Un corollario della crisi dell’immaginario collettivo, descritta dal Rapporto sulla comunicazione dello scorso anno, è la fine dello star system, almeno per come lo avevamo conosciuto, con riferimento ai divi come figure simboliche – per quanto in carne e ossa – in cui potersi immedesimare. In un rito collettivo ampiamente partecipato, il divismo forniva a tutti un ricco pantheon di idoli ed “eroi” sul quale incardinare un congegno proiettivo. I divi moderni avevano incarnato la potenza del mito arcaico, interpretando laicamente il bisogno di fede del tempo presente, mettendo in moto lo slancio di identificazione di individui e interi gruppi sociali verso un modello di vita vagheggiato, una esistenza migliore e desiderabile, all’inseguimento di sogni e desideri necessari per emanciparsi dai vincoli prosaici della vita comune di un popolo che, nel suo insieme, di certo non è mai tutto composto di santi, eroi, poeti e navigatori.

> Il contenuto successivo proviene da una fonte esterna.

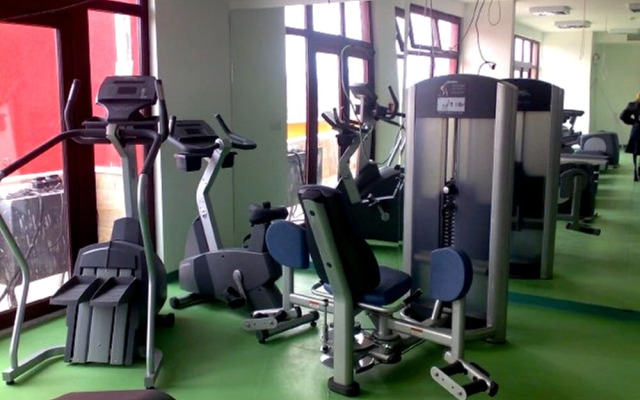 Menada Ravda Apartments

Oggi la moltitudine dei soggetti, novelli Prometeo dell’era digitale, ha trascinato quel pantheon giù dall’Olimpo nel disincanto del mondo. Uno vale un divo: siamo tutti divi. O nessuno, in realtà, lo è più. La metà degli italiani (il 49,5%) è convinta che oggi chiunque possa diventare famoso (e nel caso dei giovani under 30 la percentuale sale al 56,1%). Un terzo (il 30,2%) ritiene che la popolarità sui social network sia fondamentale per essere una celebrità (la pensa così il 42,4% dei giovani). Mentre un quarto (il 24,6%) sostiene che semplicemente il divismo non esiste più. E comunque appena un italiano su 10 prende a modello i divi come miti a cui ispirarsi (il 9,9%) (tabb. 9-10).

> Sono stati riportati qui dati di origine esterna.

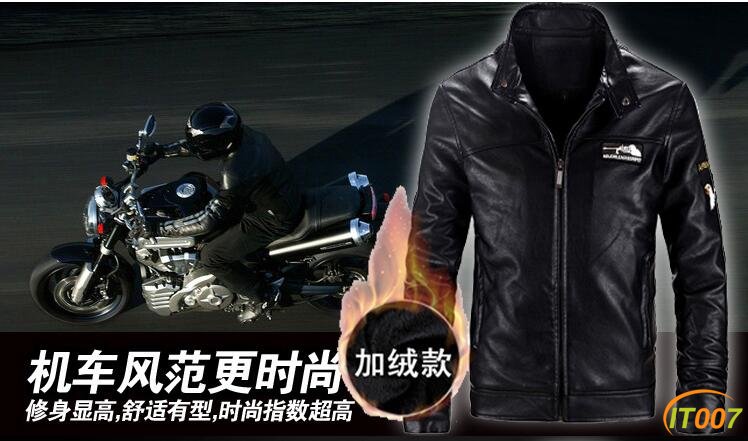 QQ截图20161125222835.jpg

Il divismo aveva impregnato gran parte della cultura di massa del ’900, legato al medium per eccellenza di questa cultura: il cinema, codificato dai grandi studios americani e dalle majors nell’epoca d’oro di Hollywood. Un’“aristocrazia” di divi era prosperata sulla nascente cultura pop nella forma di un jet set nazionale e internazionale di personaggi venerati e inavvicinabili: star hollywoodiane, vedettes del teatro e registi osannati dalla critica, stilisti e cantanti lirici, toreador e mannequin, pugili e ciclisti, pittori e scrittori, playboy e viveur, prestigiosi capi di Stato e carismatici leader politici, muse incantevoli. Gli ambienti in cui si muovevano erano scintillanti e patinati: il tempio di Cinecittà e la mecca di via Veneto, le feste chic e memorabili tra Roma, New York e Parigi, le vacanze a Capri, a Cortina e in Costa Azzurra. I fan praticavano il culto delle grandi star celebrandone la fama.

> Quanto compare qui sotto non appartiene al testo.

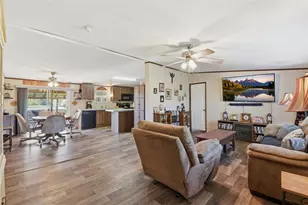 88 Co Rd 1333, Liberty, TX 77575 - Photo 9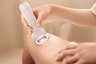 PHILIPS BRE 750/00 депилатор, 60min, 70400rpm, 11 додатоци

L’effetto finale della fine dello star system è la rottura di un fisiologico meccanismo sociale di tipo proiettivo, aspirazionale e imitativo, che in passato risultava utile e vitale nella società che cresceva. Se si accorcia l’arco proiettivo verso i divi, grazie ai media digitali prende forma un nuovo frame pre-politico che alla fine sviluppa il senso comune dentro il sistema pulviscolare degli account personali dei social network.
Questa è la fondamentale trasformazione che lo star system ha conosciuto passando dall’era della celluloide all’epoca della disintermediazione digitale. Non sono i personaggi famosi ad indicare, in quanto divi, orizzonti di vita alle persone comuni, che permettano a chi li imita di elevarsi a un livello sociale ed economico superiore. Sono le celebrità a trasformare in spettacolo la visione del mondo del loro pubblico. È in questa dialettica tra seduzione e tradimento che il divo finisce per scomparire.